By: Jonathan Torres
A Dendrobium chrysotoxum with pale cream coloured flowers at my mother’s,Iris Yolanda Rodríguez, 51,house, at Cayey. These kind of orchid were first discovered in Southeast Asia and its seeds are constantly exported to other countries due to its great demand. Its flowers are extremely fragrant with the scent of honey.
A Dendrobium biggibum laying on a gray rock surface at Rodríguez’s house. Mom likes white flowers because she feels that they bring peace to the house. This type of orchid has been the floral emblem of Queensland since November 19, 1959.
A Phalaenopsis amabilis on a cloudy day at the wood terrace of Rodríguez’s house. This type of orchid were Rodríguez’s favorite because they tend to grow taller than the other ones without the need of using big pots. “This orchid is my favorite since it can fit any place. The size of the pot does not matter here” said Rodríguez.
A Phalaenopsis aphrodite with light pink flowers beautifying my mother’s backyard. My brothers and I gave this orchid to our mother as a gift for this year mother’s day. “I love this orchid because it reminds me of my sons everytime I look at it” said Rodríguez.
A Cattleya amethystoglossa giving a rustic touch to a wood bank at Rodríguez’s house. Its native range had been greatly reduced due to habitat destruction, logging, and agriculture. “This type of orchid is able to adapt to any kind of weather, including snow” said Ramón Cruz, 64, owner of a nearby garden centre.
A beautiful Cattleya coccinea adding some colorful touches to the backyard of Rodríguez’s house. This orchid was a given to Iris by her mother, Paula, 67, on 2007 at her 44th birthday. “My mother gave me this orchid as a symbol of humbleness, and to remind me that peace and calmness are very important details for having a healthy emotional life”.
An emerald Oncidium maculatum embellishing the rocky soil of Rodríguez’s backyard. This orchid was found by Rodríguez abandoned at the side of the road. “I found this orchid one year ago on the road on my way to home, and I took it because it seemed very pretty to me. I had never stop in the road to take a flower, but this one really caught my attention. One week later, Cruz, whom is an expert on orchids, saw the plant and told me how lucky I was to find this rare orchid original from Mexico” said Rodríguez.

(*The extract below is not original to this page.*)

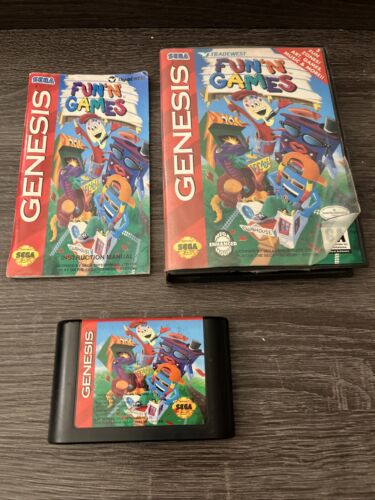 Fun ‘N’ Games (Sega Genesis, 1993), Complete, Authentic And Tested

A Dendrobium superbiens hanging from a thin cable on a beautiful shinny day. This type of orchid was for many centuries the nurserymen favorite one, and it was used for hybridization purposes. “This orchid requires special attention since it is very weak and warm weather conditions are extremely required for its health” said Cruz.
A radiant Dendrobium aggregatum adding some delightful touches to a cobblestone surface at Rodríguez’s house. Rodríguez thought that it was very important to add some colors to this part of the house since she says that the cobbles are very dark. This type of orchid is the most common one since it is planted in most of the countries and used for decoration at different places.
A bright Vanda coerulea hanging in front of a mahogany tree at the back of Rodríguez’s house. Rodríguez brought this plant since she wanted an orchid with the ability of developing itself by being fixed or tied to a tree. The juice of its ﬂowers is used as eye drops against glaucoma, cataract and blindness. Active ingredients of this orchid may fight against the visible signs of aging skin.